FAQs - Cryptocurrency market cap

  • What are large-cap cryptocurrencies?

    Large-cap cryptocurrencies are those with a market cap of over $10 billion. Large-cap investments are often considered 'safer' in the world of stocks and shares. However, cryptocurrency market commentators often say that large-cap cryptos offer a good risk-reward profile.

  • What are the most popular cryptocurrencies?

    If you're going by market cap alone, Bitcoin's and Ethereum's market caps make them the most popular cryptocurrencies. However, market capitalisation is not the only way to look at popularity. You could look at supply or trading volume over a year, too.

  • How are cryptocurrency prices calculated?

    Crypto prices are determined as any asset price is - through supply and demand. Essentially, the more there is of something, the less it will be worth, as suppliers cannot achieve as high a price when competing with others. Demand is the other side of the equation, so if demand is high, suppliers can push their prices up, and if demand is low, they will sell assets more cheaply.

  • Is investing in cryptocurrency hard to do?

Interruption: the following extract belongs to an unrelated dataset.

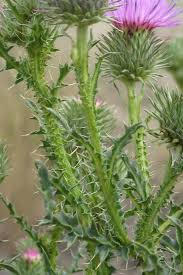 Image result for Carduus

    There are numerous platforms where you can invest in cryptos, making buying and selling digital currencies far easier. What makes it challenging is adding it to a portfolio and ensuring it fits with your risk profile - given how volatile and risky it is perceived to be. It's far from impossible, however, and given the right circumstances, it could be an option for you if you feel comfortable trading it.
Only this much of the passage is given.